Land use/land cover change has been shown to have significant impacts on nutrient loading to aquatic systems, leading to increased nitrogen and phosphorous fluxes from terrestrial ecosystems to streams and rivers. This elevated nutrient loading can have downstream water quality impacts, and has been linked to eutrophication and harmful algal blooms like those observed in the Lake Champlain basin. While it is clear that changes in land use/land cover are associated with changes in aquatic ecosystem function, a mechanistic understanding of how nutrient fluxes from distinct land cover classes respond to hydrologic events on event and seasonal scales remains unknown. Recent advances in the availability of high-frequency water quality sensors provide an opportunity to assess these relationships at a high temporal resolution.

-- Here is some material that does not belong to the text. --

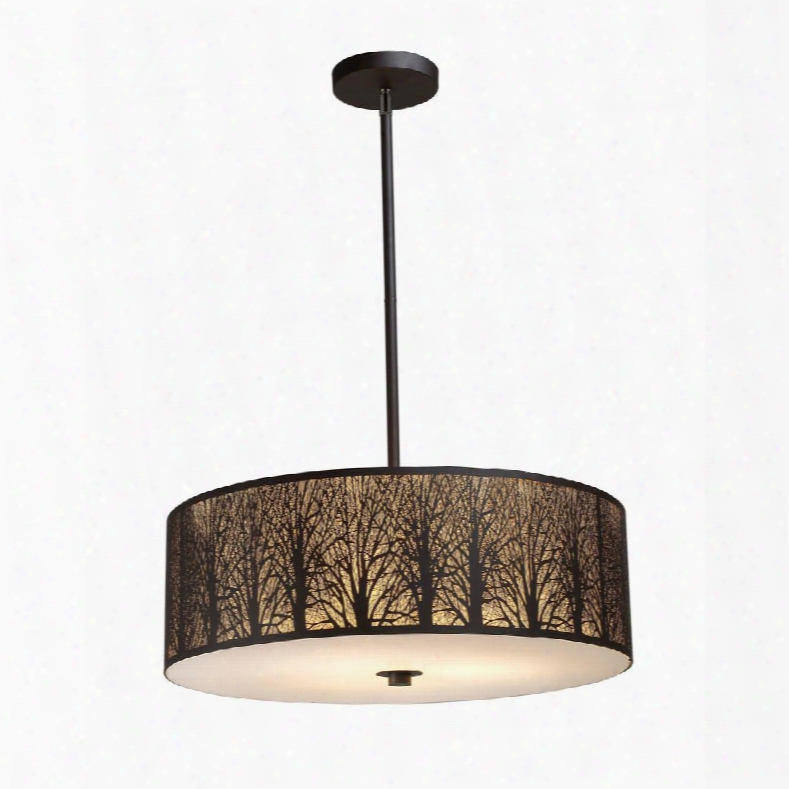 31075/5 Woodland Sunrise 5-light Pendant In Aged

We deployed a network of in-situ spectrophotometers in three sub-watersheds of the Lake Champlain Basin with contrasting land uses: forested, agricultural, and urban. Our study sought to assess how land cover affected the timing and magnitude of fluxes of carbon (C) and nitrogen (N) from watersheds with distinct land uses, and to determine how sensitive these fluxes were to inter-annual climate variability.

We found systematic differences in the timing of C and N fluxes across these different land use classes as well as the total magnitude of C and N exported from these different landscapes. We also found strong inter-annual variability in carbon and nitrogen fluxes in response to inter-annual variability in precipitation and discharge, suggesting a high degree of hydrologic control over nutrient loading. These findings emphasize the potential for climate change, and in particular precipitation variability, to drive strong variation in the magnitude of downstream nutrient flux to receiving lakes and estuaries. Our study emphasizes the pervasive influence of land cover and its effects on water quality in the Lake Champlain watershed, and also highlights the strong signature of anthropogenic land use choices on regional C and N cycling.